Researchers from Idaho National Laboratory have engineered a technology that can protect utilities and other users of computer-controlled industrial systems from cyberattacks.
The effort was inspired by years of assessments showing that industrial control systems (ICS) are vulnerable to cyberattack, with unauthorized commands posing a particularly insidious threat since they’re relatively easy to perpetrate and difficult to block. Attackers with the right level of knowledge and access can have a major effect on a power grid, for example, using the same software and commands that the grid’s legitimate operators would use.
Called OpDefender, the new patent-pending technology consists of two main components: a network switching appliance and a network human-machine interface (HMI).
The network switching appliance can serve as a drop-in replacement for a typical network switch, or it can be used in conjunction with existing network switches. It protects ICS from cyberattack by adding intelligence to the network switch to make it ICS-aware.

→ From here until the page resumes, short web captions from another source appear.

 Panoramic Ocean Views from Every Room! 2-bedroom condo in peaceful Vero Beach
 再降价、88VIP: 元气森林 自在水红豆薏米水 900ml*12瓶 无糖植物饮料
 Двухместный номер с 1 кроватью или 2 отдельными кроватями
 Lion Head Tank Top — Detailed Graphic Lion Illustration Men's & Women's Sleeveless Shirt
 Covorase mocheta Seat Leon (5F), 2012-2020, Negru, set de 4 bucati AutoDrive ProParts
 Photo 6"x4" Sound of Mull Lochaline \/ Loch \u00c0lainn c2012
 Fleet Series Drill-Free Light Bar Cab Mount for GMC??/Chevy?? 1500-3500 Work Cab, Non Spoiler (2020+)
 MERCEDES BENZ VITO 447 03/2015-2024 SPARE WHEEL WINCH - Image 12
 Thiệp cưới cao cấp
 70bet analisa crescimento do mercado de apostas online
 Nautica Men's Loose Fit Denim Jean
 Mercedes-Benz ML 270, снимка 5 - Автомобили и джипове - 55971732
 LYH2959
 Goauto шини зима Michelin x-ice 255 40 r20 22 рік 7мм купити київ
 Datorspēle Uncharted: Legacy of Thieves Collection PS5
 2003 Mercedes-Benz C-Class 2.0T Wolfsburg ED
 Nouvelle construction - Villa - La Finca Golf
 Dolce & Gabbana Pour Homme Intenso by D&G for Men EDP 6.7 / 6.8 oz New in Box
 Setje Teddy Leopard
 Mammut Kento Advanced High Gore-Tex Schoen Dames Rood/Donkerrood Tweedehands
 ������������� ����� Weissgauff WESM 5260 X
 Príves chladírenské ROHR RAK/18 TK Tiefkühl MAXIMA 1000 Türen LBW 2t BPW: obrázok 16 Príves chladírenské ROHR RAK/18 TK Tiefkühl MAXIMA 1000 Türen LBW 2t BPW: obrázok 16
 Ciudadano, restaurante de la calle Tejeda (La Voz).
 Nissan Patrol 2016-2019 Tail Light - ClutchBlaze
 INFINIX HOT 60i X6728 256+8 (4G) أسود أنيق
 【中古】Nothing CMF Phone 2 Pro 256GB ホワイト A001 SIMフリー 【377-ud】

OpDefender is configured and controlled in real time via a custom-built, web-based HMI designed with the operator in mind. It is secured using strong public-key encryption technology (RSA certificates) that allows for mutual authentication only between hosts that have the correct certificate installed. This helps ensure that an attacker can’t compromise the control channel to enable communications without the operator’s knowledge or consent.
OpDefender starts with the premise that no device on a control system network can be trusted. It operates under whitelisting rules, meaning that no device is allowed to communicate on the network until the OpDefender is configured to allow that device. Any data transmitted by a device that is not already whitelisted triggers an alarm, alerting operators of a rogue device on the network.
Once a device is allowed on the network, then the protocols and specific commands it can receive are further whitelisted. By default, OpDefender limits network traffic to the most basic communication, which in most cases consists almost exclusively of status requests from one or more operator workstations to field devices that are installed throughout a plant, utility or other system.
OpDefender’s efficacy was demonstrated during a recent full-scale test at Idaho National Laboratory’s Critical Infrastructure Test Range, cybersecurity researchers launched 14 different novel attacks at a system protected by OpDefender. The attacks targeted multiple different control devices from multiple vendors. OpDefender blocked each of these attacks and generated alarms for each, alerting the operator that an attack was taking place.
OpDefender is currently at a Technology Readiness Level 6, meaning it has a fully functional prototype or representational model. Additional work is needed to make it commercially viable, but results to date show that it could make a difference in the fight to secure industrial control systems.